> Problem requirements: Each line in the records below, from the one that contains "Der Angeklagte warf" to the one that contains "yaxın olmaqdır Zidan", should be reproduced exactly, the first and last included.
** Source material follows **
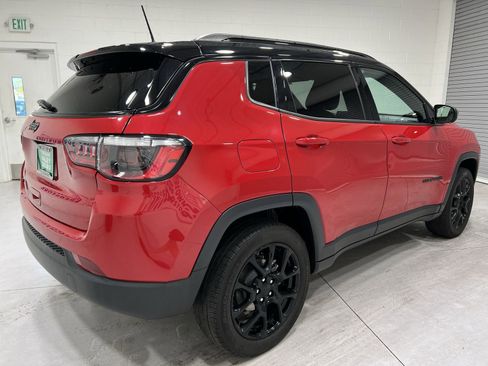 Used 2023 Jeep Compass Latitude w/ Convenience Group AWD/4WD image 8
** End of Source material **
** Source material follows **
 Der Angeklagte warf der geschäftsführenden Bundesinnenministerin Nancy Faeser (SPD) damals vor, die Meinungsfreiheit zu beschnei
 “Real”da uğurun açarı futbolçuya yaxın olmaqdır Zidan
** End of Source material **
> Answer for this exercise:
 Der Angeklagte warf der geschäftsführenden Bundesinnenministerin Nancy Faeser (SPD) damals vor, die Meinungsfreiheit zu beschnei
 “Real”da uğurun açarı futbolçuya yaxın olmaqdır Zidan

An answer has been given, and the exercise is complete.